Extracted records
....................

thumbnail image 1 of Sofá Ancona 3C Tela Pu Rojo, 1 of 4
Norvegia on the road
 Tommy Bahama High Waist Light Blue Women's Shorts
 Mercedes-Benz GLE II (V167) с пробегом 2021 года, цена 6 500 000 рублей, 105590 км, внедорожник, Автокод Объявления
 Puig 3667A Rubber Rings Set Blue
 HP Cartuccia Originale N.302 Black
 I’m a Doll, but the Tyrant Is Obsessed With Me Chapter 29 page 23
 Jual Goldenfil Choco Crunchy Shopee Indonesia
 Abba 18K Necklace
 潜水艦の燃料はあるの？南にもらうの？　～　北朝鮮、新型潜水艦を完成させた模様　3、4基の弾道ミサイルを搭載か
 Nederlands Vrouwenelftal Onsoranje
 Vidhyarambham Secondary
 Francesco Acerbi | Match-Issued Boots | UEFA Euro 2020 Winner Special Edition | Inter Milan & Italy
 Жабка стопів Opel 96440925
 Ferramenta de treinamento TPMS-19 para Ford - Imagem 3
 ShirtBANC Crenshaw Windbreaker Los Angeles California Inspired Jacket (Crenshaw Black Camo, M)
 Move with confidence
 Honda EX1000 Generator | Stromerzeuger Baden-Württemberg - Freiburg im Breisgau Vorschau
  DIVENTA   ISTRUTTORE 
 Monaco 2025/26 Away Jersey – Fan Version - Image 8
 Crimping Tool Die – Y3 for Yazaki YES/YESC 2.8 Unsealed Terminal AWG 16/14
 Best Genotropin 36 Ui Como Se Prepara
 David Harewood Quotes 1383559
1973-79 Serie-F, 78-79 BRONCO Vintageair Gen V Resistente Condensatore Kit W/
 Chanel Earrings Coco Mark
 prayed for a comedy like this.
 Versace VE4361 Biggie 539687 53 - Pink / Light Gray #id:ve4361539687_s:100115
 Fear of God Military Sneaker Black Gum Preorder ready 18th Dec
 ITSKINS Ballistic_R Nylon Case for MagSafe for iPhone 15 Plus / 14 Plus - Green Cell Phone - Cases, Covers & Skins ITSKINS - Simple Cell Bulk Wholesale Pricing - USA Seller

....................

--- Task to complete ---
Starting from the line holding "Francesco Acerbi |", restate the remaining lines of the data word for word, including the last.

--- Response ---
 Francesco Acerbi | Match-Issued Boots | UEFA Euro 2020 Winner Special Edition | Inter Milan & Italy
 Жабка стопів Opel 96440925
 Ferramenta de treinamento TPMS-19 para Ford - Imagem 3
 ShirtBANC Crenshaw Windbreaker Los Angeles California Inspired Jacket (Crenshaw Black Camo, M)
 Move with confidence
 Honda EX1000 Generator | Stromerzeuger Baden-Württemberg - Freiburg im Breisgau Vorschau
  DIVENTA   ISTRUTTORE 
 Monaco 2025/26 Away Jersey – Fan Version - Image 8
 Crimping Tool Die – Y3 for Yazaki YES/YESC 2.8 Unsealed Terminal AWG 16/14
 Best Genotropin 36 Ui Como Se Prepara
 David Harewood Quotes 1383559
1973-79 Serie-F, 78-79 BRONCO Vintageair Gen V Resistente Condensatore Kit W/
 Chanel Earrings Coco Mark
 prayed for a comedy like this.
 Versace VE4361 Biggie 539687 53 - Pink / Light Gray #id:ve4361539687_s:100115
 Fear of God Military Sneaker Black Gum Preorder ready 18th Dec
 ITSKINS Ballistic_R Nylon Case for MagSafe for iPhone 15 Plus / 14 Plus - Green Cell Phone - Cases, Covers & Skins ITSKINS - Simple Cell Bulk Wholesale Pricing - USA Seller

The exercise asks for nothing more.